Study material –
____________________

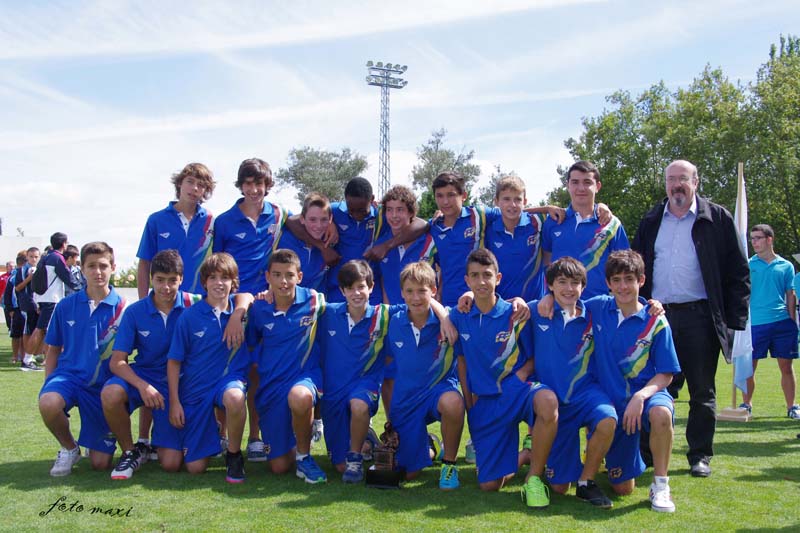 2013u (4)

____________________

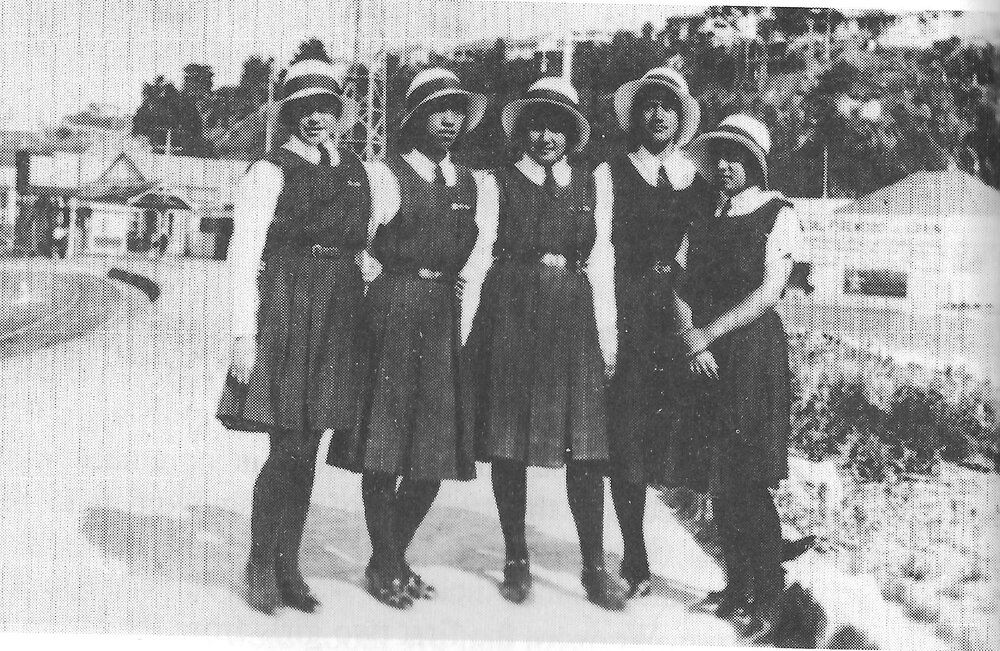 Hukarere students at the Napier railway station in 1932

____________________

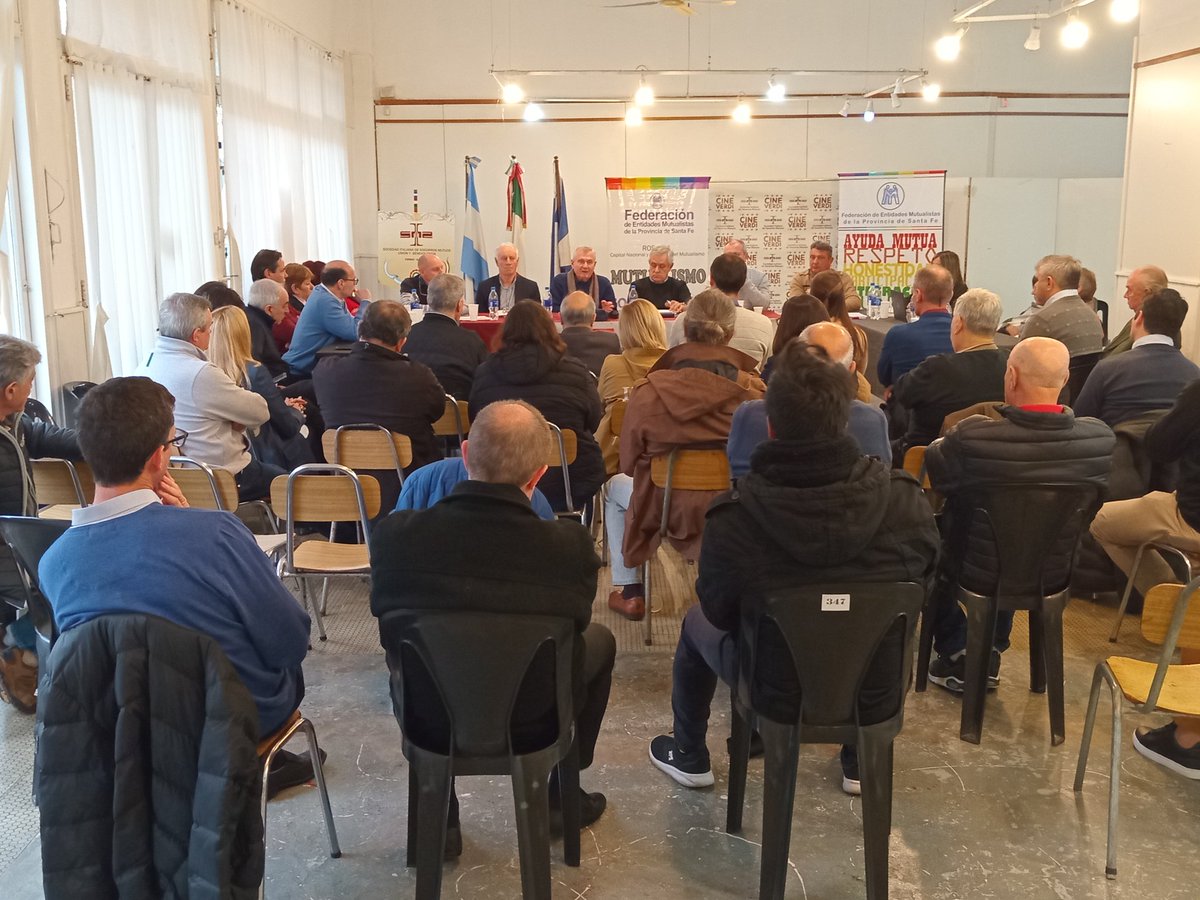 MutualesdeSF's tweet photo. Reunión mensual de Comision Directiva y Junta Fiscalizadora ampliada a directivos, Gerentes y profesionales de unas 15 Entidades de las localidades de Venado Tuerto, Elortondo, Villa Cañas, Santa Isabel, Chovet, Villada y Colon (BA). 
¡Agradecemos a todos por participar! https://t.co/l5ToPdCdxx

____________________

What you should do – Beginning at the line that has "MutualesdeSF's tweet photo." and ending at the line that has "por participar! https://t.co/l5ToPdCdxx", restate the listing above word for word, pictures left out.

Your response –
 MutualesdeSF's tweet photo. Reunión mensual de Comision Directiva y Junta Fiscalizadora ampliada a directivos, Gerentes y profesionales de unas 15 Entidades de las localidades de Venado Tuerto, Elortondo, Villa Cañas, Santa Isabel, Chovet, Villada y Colon (BA). 
¡Agradecemos a todos por participar! https://t.co/l5ToPdCdxx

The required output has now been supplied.